How to Create Your Own Home Refinancing.
"5 simple techniques that can save you money"

Are you interested in saving money on your current mortgage?
Maybe you have just refinanced, or you just can't afford
the fees. Here are 5 simple techniques that anyone can use to
create their own refinancing package or add to their current
package.


1. Consider a shorter mortgage.

I saw a great article in the July 24, 2002 edition of the Wall
Street Journal (Section D1). The example was that if you had
a $200,000 mortgage for 30 years at 6.5% and you changed to
a 15-year mortgage and a rate of 5.9% your payments would
rise by about $400 to $1,677 a month. But, if you could handle
the extra monthly cost, you will save yourself $154,000 in
interest over the course of the loan.

2. Lose your PMI.

PMI is Private Mortgage Insurance. Generally if you have not
paid down 20% of the assessed value of your home, you may be
paying PMI. For example, on a $75,000 house loan, with a 10%
down payment, you would be making payments between $25
and $30 a month for this insurance.

To eliminate your PMI, we have a couple of suggestions.

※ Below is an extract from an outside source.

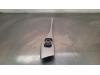BMW 1 serie (F21) 114d 1.6 16V I-Drive knop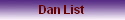 Dan List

1. Consider having your home re-accessed (only if you feel
your house has appreciated in value) and ask your lender to
remove the insurance.

2. Pay down your mortgage early to meet your lender's
criteria (generally 20%). Over the course of a few years, you
could save a $1,000 or more without a PMI payment.

Call your bank and ask questions before you spend any money.

3. Extra monthly payments

If you can afford to pay a little extra money each month on
your mortgage, you could save yourself literally thousands of
dollars while taking off years your loan. For example, I used the
payoff calculators at Green Point Financial

http://greenpoint.mortgagewebcenter.com

If you have a $100,000 mortgage at 7%, your monthly payments
without taxes and/or PMI would be $665. By paying an extra $25 a
month ($690), you would save $18,214 in interest and shave off
3 years and 3 months on the life of your loan.

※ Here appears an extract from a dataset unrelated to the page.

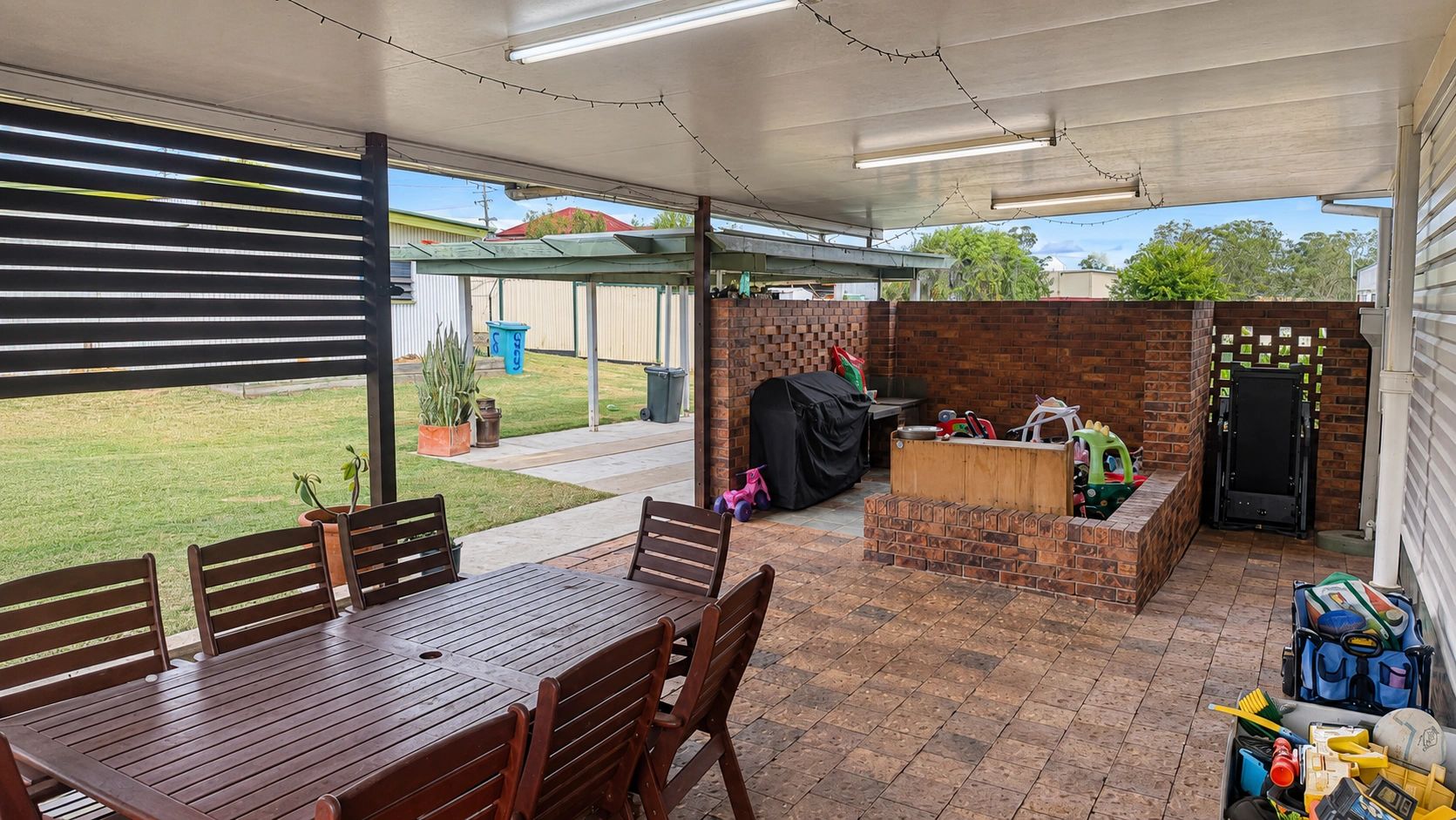 2 Douglas Street South, Murgon - Image 1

4. One extra payment a year.

Using the same formula from #3. A $100,000 loan, for 30 years at 7%.
According to the financial calculator at
http://www.signature-mtg.com
it shows that if you make an extra payment a year, starting in the first
year, you will save $32,841 in interest and cut your mortgage term
from 30 to 24 years!


5. Direct Electronic Payments

Many banks will offer you a 1/4 to 1/2 point savings for paying
your loan electronically or by deducting it directly from your checking
account. By using this type of bill pay on a $100K, 30-year mortgage
at 7%, (and getting a 1/2 point reduction on your rate), you could
save approximately $12K. And, you never write a check again!

 

This is an excerpt from the "101 Financial Activities" Newsletter. 
 The newsletter is designed for teachers and parents to help teach children financial and money management skills. To subscribe visit for free visit
http://www.101financiallessons.com

Questions, email Timothy Liptrap, editor at tliptrap@101financiallessons.com.

 

Copyright ©2005 Stocks, Bonds and More, Inc.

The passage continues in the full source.